Cameron Announces Sale Of Centrifugal Compression Business

HOUSTON, Aug. 18, 2014 /PRNewswire/ -- Cameron (NYSE: CAM) has announced that it has entered into a definitive agreement to sell its Centrifugal Compression business to Ingersoll Rand (NYSE: IR) for cash consideration of approximately $850 million, subject to closing adjustments.

The decision to divest the Centrifugal Compression division was made after a careful review of Cameron's long-term business strategy to increase its focus on its core markets. The Company's goal has been to identify a buyer that is more closely aligned with Centrifugal Compression's broad and global markets.  

Cameron expects to complete the sale of its Centrifugal Compression business prior to year end, subject to regulatory approval.

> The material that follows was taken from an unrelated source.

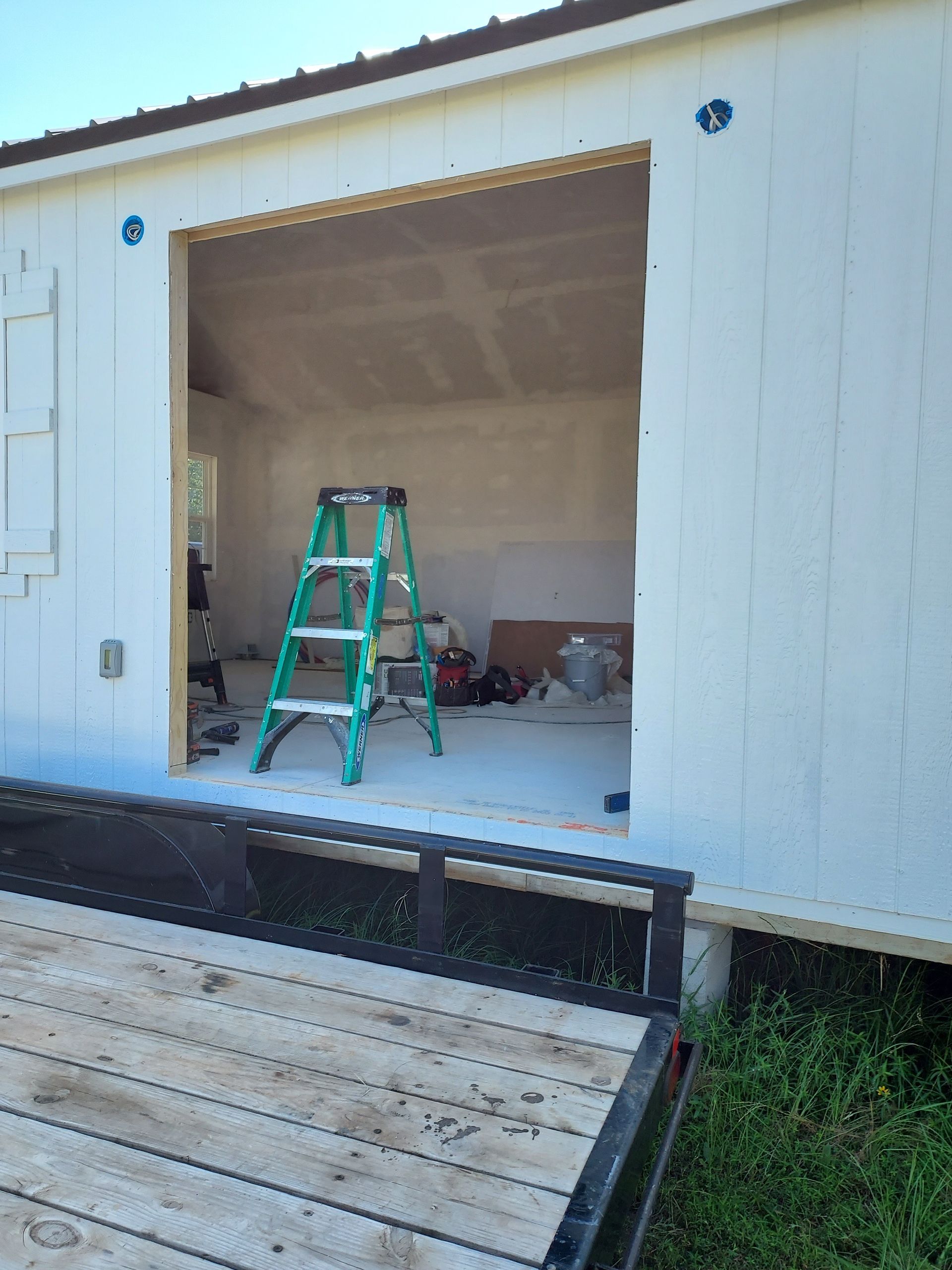 A ladder is sitting on the side of a building next to a trailer.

The Company estimates after tax proceeds from the sale to be approximately $600 million, and expects the net proceeds to support stock repurchases. In 2013, the Centrifugal Compression division had revenues of $396 million. The results of operations of the Centrifugal Compression business will be reported as discontinued operations beginning in the third quarter of 2014.

Jack Moore, Chairman, President and Chief Executive Officer of Cameron stated, "The leadership team at Ingersoll Rand is impressed with the people, technology and performance of the Centrifugal Compression division and sees a strong strategic fit for their business.  I'd like to thank our Centrifugal employees for their many contributions to Cameron and wish them well at Ingersoll Rand."

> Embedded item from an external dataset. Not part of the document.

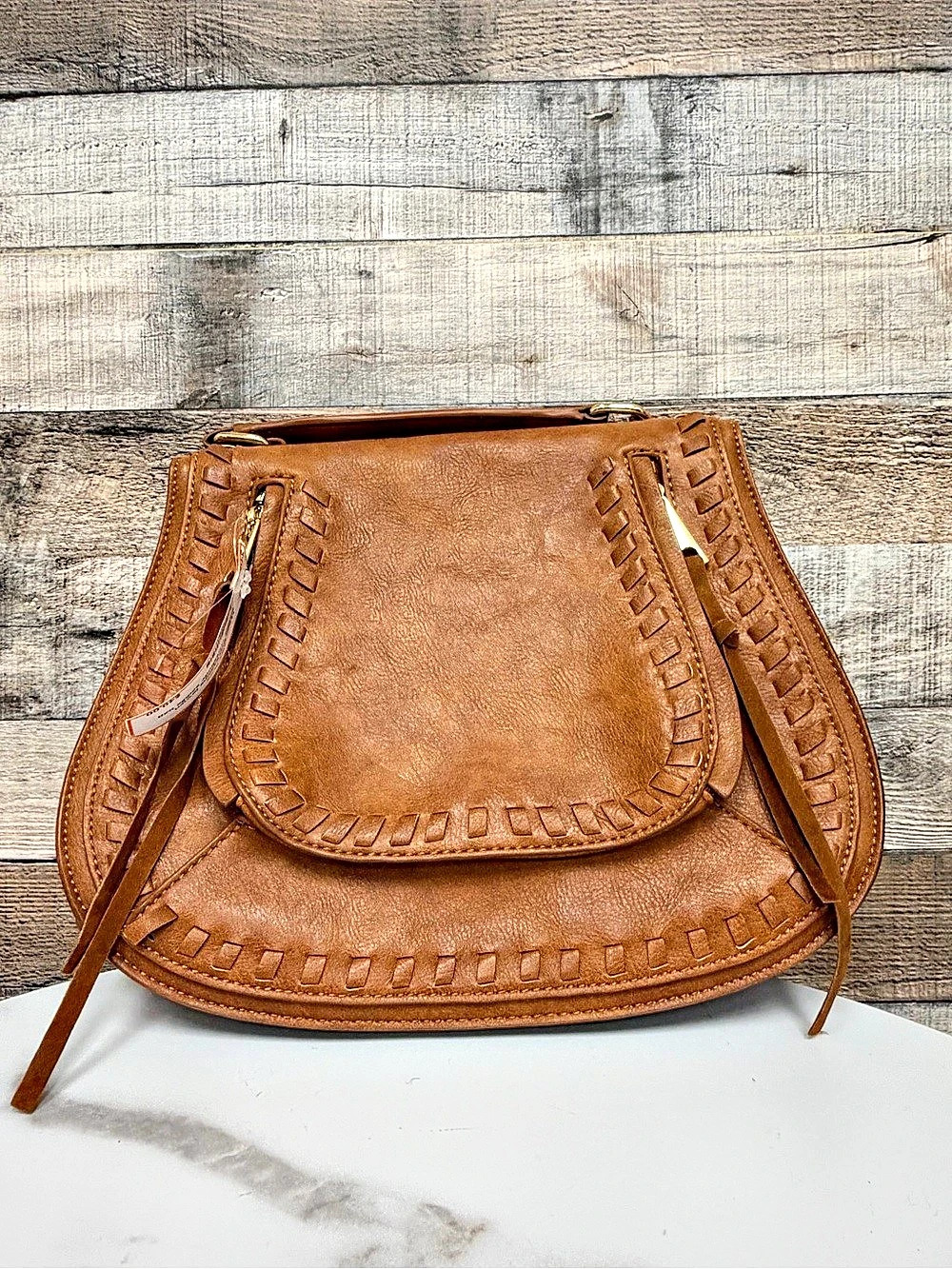 Urban Expressions brown leather crossbody saddle bag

Citi is acting as financial advisor to Cameron and Winston & Strawn and Baker Botts are acting as the Company's legal counsel in connection with the divestiture of the Centrifugal Compression business.

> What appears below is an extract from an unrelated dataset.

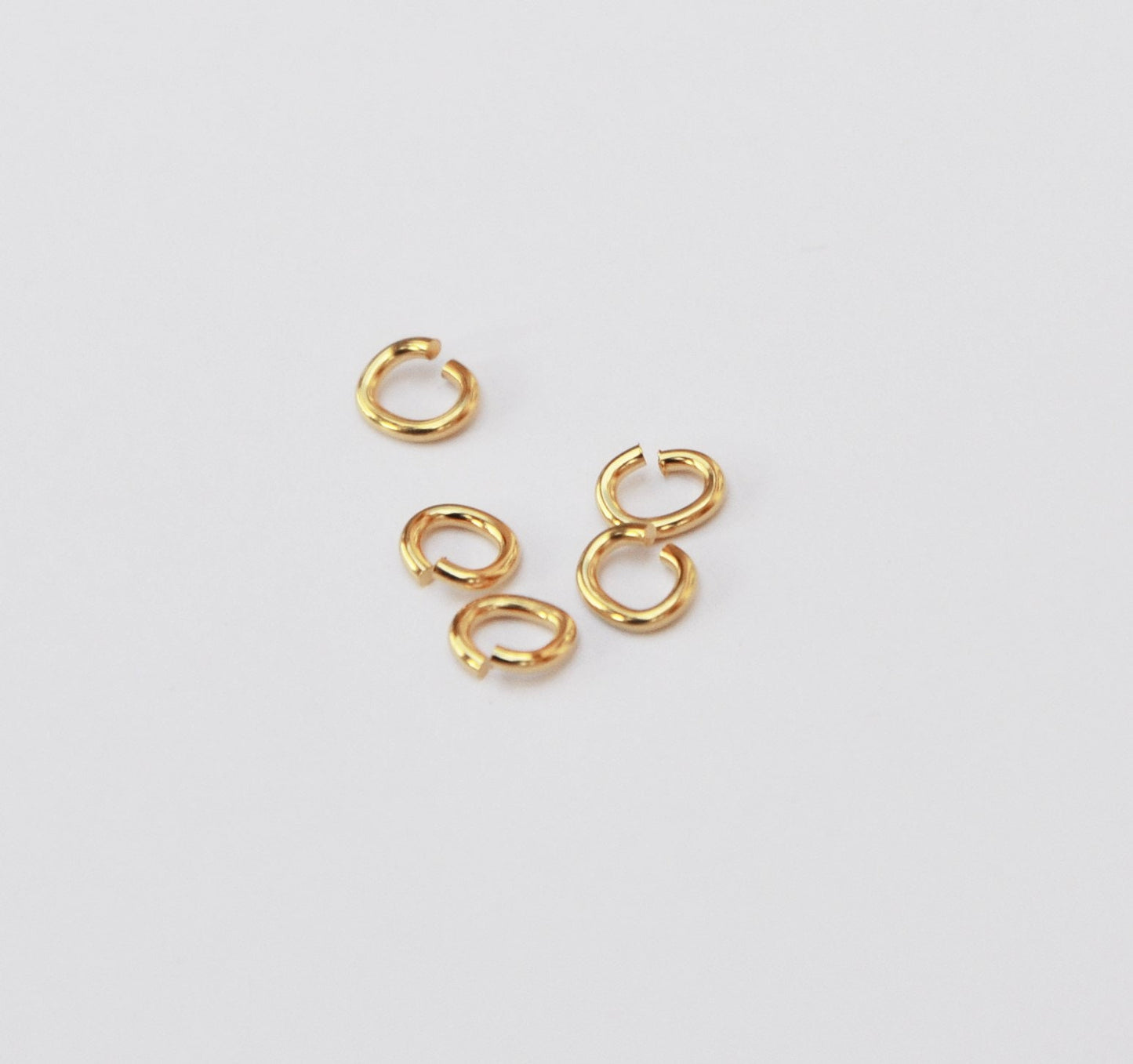 5 Anneaux ovales ouverts plaqué or 24 carats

Cameron is a leading provider of flow equipment products, systems and services to worldwide oil, gas and process industries. For more information, visit www.c-a-m.com.

This document includes forward-looking statements regarding the Company's strategy.  These statements are made in reliance upon the safe harbor provisions of the Private Securities Litigation Reform Act of 1995.  Actual events and/or their results may differ materially from those described in the forward-looking statements.  Such statements, including those regarding the estimated time for completion of the sale and the application of the proceeds, are based on current expectations and are subject to risks and uncertainties that may result from a variety of factors, some not under the control of the Company.  A discussion of certain other factors that may affect actual events is contained in Cameron's filings from time to time with the Securities and Exchange Commission.

Because the information herein is based solely on the Company's present intent, it is subject to change, in some cases to changes over which the Company may not have control or influence, and should therefore not be viewed as assurance the matters described will occur or will occur as described.  The Company is not obligated to make public indication of any change unless required under applicable disclosure rules and regulations.